15.–Deste modo, e mais uma vez, socorrendo-nos das regras da lógica e da experiência comum parece-nos inequívoco, em face dos elementos probatórios apontados, terem sido incorrectamente julgados os dois factos acima enunciados, devendo a passar a constar como provados os factos 2 e 4 da matéria dada como não provada.
16.–E se de facto, os pontos de facto 1, 2, 3 e 4 forem dados como provados - como se pretende - será sua decorrência lógica dar como provado que a arguida, ao actuar da forma acima descrita - que se pretende seja dada como provada - agiu voluntária, livre e consciente, sabendo ser a sua conduta proibida e punida por lei” (facto n.° 5).
17.–A decisão sobre a matéria de facto constante da douta sentença recorrida deve ser alterada de forma a serem dados como provados os cinco factos acima enunciados, valorando os aludidos elementos documentais, de acordo com as regras da lógica e da experiência, conclui-se, sem margem para dúvidas, que a arguida praticou os factos e actuou como descrito nos pontos 1 a 5 acima enunciados.
18.–Deste modo, consideramos que perante a factualidade que deveria ter sido dada como assente, verificados que estão todos os restantes elementos constitutivos do tipo objectivo e subjectivo do ilícito, integra o crime de falsificação de documento previsto no artigo 256.°, n.° 1, alínea d) do Código Penal, a conduta do sacador de um cheque que, após a emissão deste, falsamente comunica ao banco sacado que o cheque se extraviou, assim o determinando a recusar o seu pagamento com esse fundamento.
19.–Assim, ao absolver a arguida da acusação contra ela deduzida, violou o Tribunal a quo o disposto no artigo 14.°, 26.° e 256.°, n.° 1, alínea d), do Código Penal.
20.–Pelo exposto, deve conceder-se provimento ao presente recurso e, em consequência, ser revogada a douta sentença recorrida, que deverá ser substituída por outra que, apreciando e valorando a globalidade dos meios de prova postos a disposição do tribunal, nomeadamente, a prova documental não apreciada pelo tribunal, dê como provados também os factos identificados sob os n.°s 1 a 5, que foram dados como não provados, e, em consequência, condene a arguida, como autora de um crime de falsificação de documento previsto e punido pelo artigo 256.°, n.° 1, alínea d), do Código Penal.

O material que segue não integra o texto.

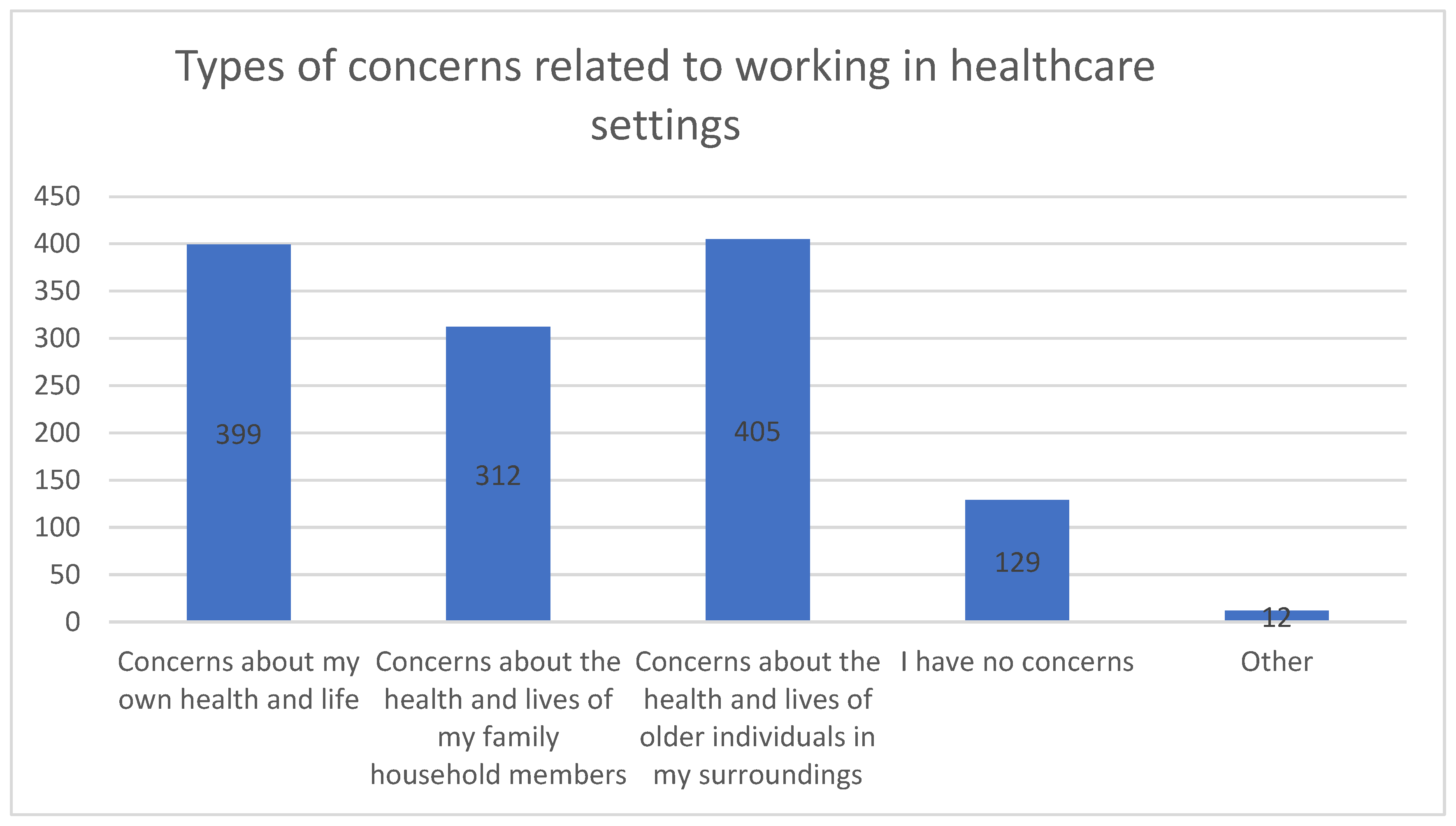 Healthcare 12 02360 g002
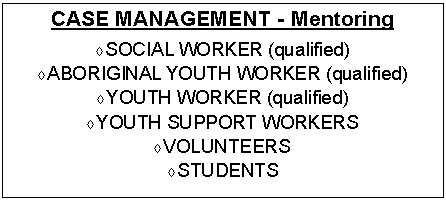 Text Box: CASE MANAGEMENT - Mentoring
SOCIAL WORKER (qualified)
ABORIGINAL YOUTH WORKER (qualified)
YOUTH WORKER (qualified)
YOUTH SUPPORT WORKERS
VOLUNTEERS
STUDENTS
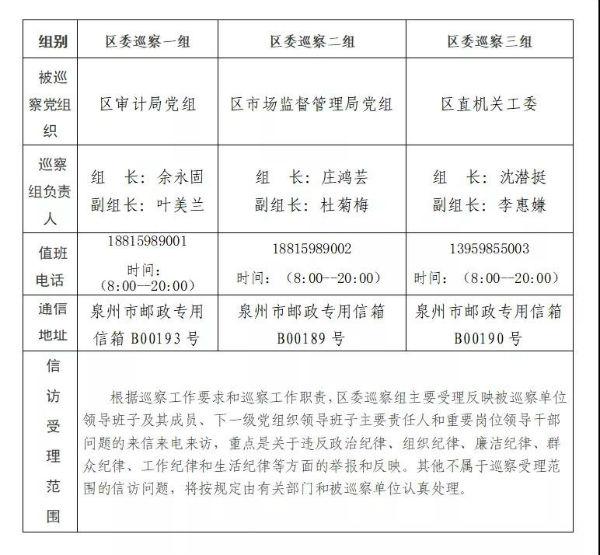 丰泽区审计局未来发展规划揭晓，塑造审计新蓝图，开启新征程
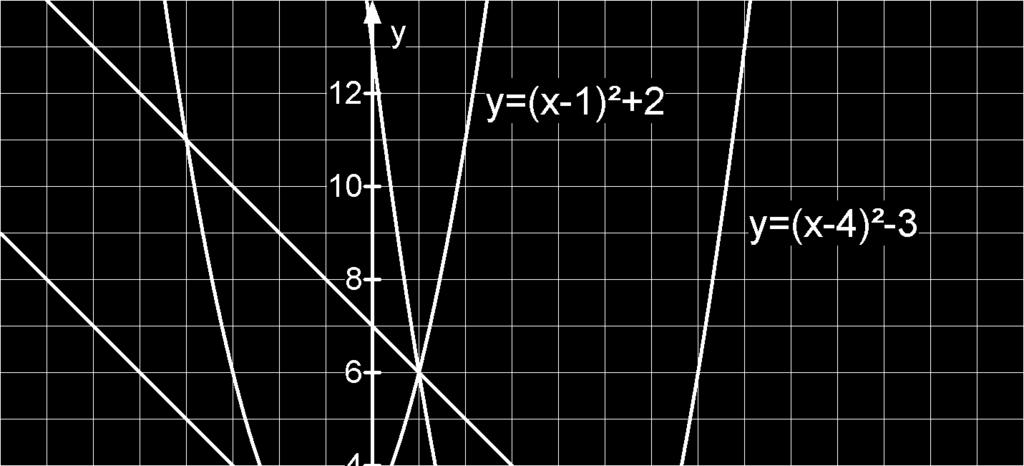 Lösung Aufgae 4 (Wahlereich 003) Die Gleichung der Parael p lautet y = x + 6.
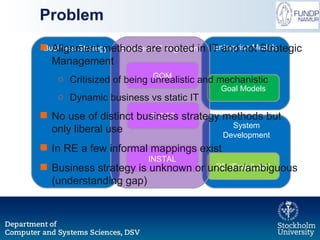 Problem System Development RE (Early/Late) Enterprise Models Business Strategy Goal Models Business-IT Alignment INSTAL B-SCP GQM Alignment methods are rooted in IT and not Strategic Management Critisized of being unrealistic and mechanistic Dynamic business vs static IT No use of distinct business strategy methods but only liberal use In RE a few informal mappings exist Business strategy is unknown or unclear/ambiguous (understanding gap)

3.–Não foi apresentada resposta.

4.Subiram os autos a este Tribunal da Relação, onde a Exma. Procuradora-Geral Adjunta, na intervenção a que se reporta o artigo 416.º do Código de Processo Penal (diploma que passaremos a designar de C.P.P.), subscreveu o entendimento do Ministério Público na 1.ª instância.

5.–Cumprido o disposto no artigo 417.º, n.º2, do C.P.P., procedeu-se a exame preliminar, após o que, colhidos os vistos, os autos foram à conferência, por dever ser o recurso aí julgado, de harmonia com o preceituado no artigo 419.º, n.º3, do mesmo diploma.